Copy out the entire listing below exactly, but without its pictures.

* [Given data]:
####################
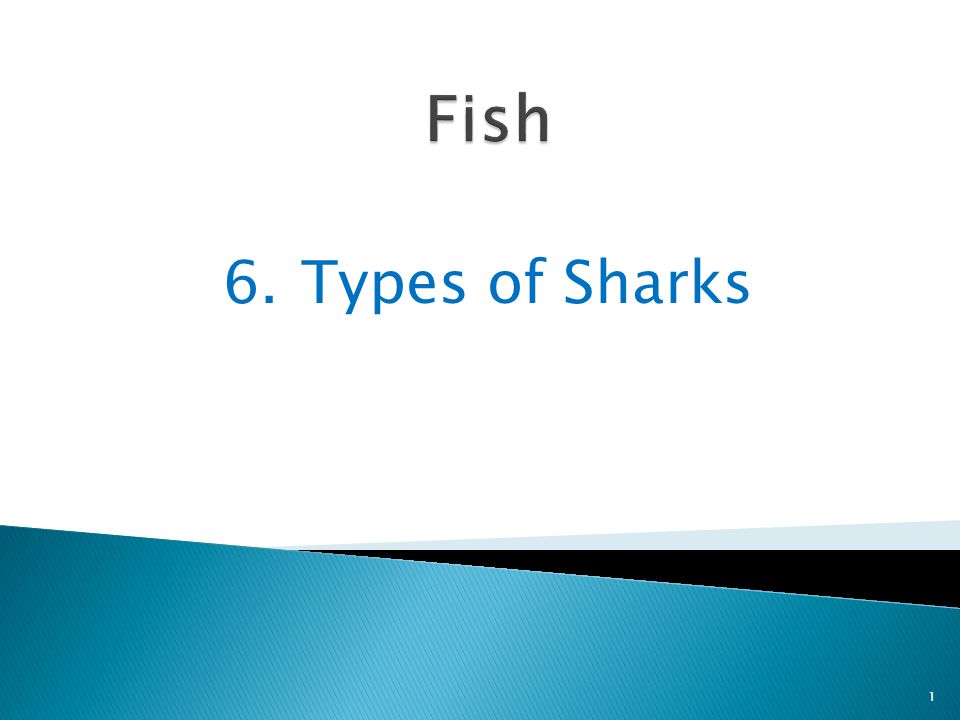 Fish 6. Types of Sharks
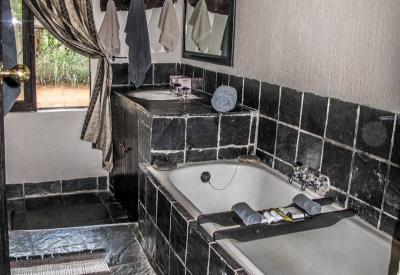 Ezulwini River Lodge beneath fig and natal mahogany trees Olifants River Balule South Africa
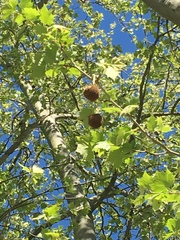 Platanus occidentalis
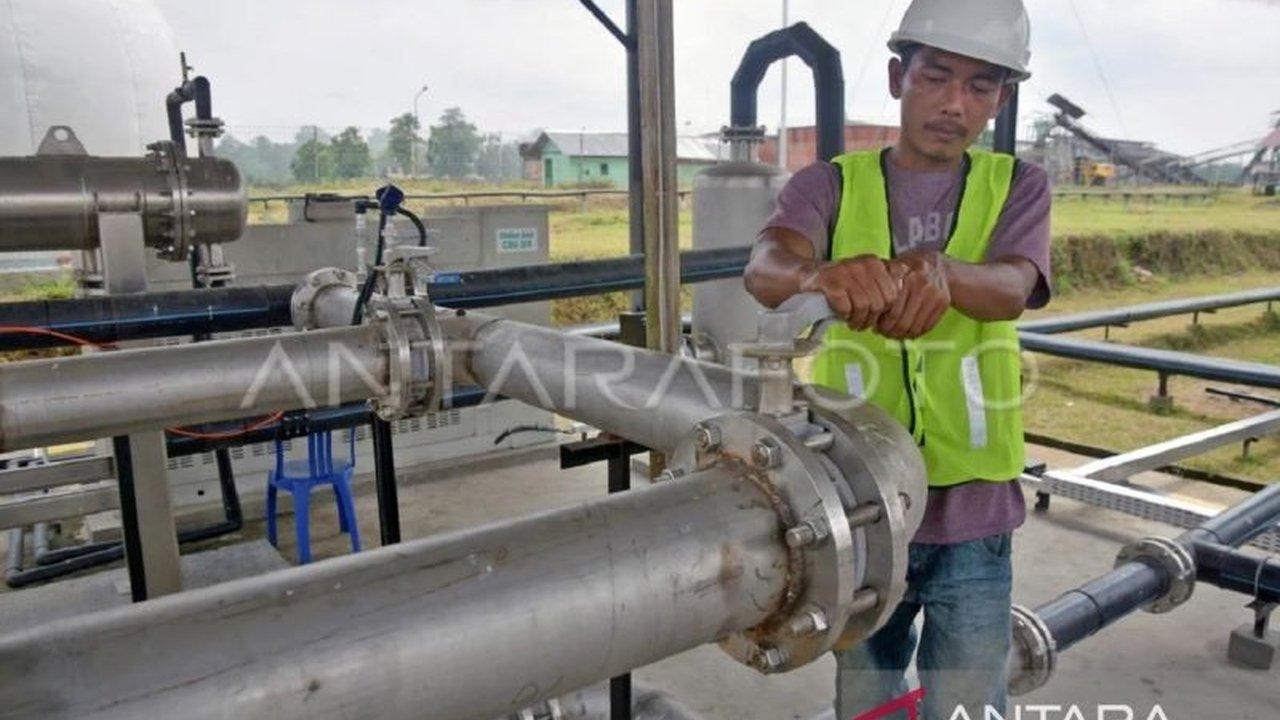 Transisi Energi Kaltim: Limbah Sawit Ubah Polusi Jadi Listrik dan Hemat Miliaran Rupiah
####################
* [Expected output]:
 Fish 6. Types of Sharks
 Ezulwini River Lodge beneath fig and natal mahogany trees Olifants River Balule South Africa
 Platanus occidentalis
 Transisi Energi Kaltim: Limbah Sawit Ubah Polusi Jadi Listrik dan Hemat Miliaran Rupiah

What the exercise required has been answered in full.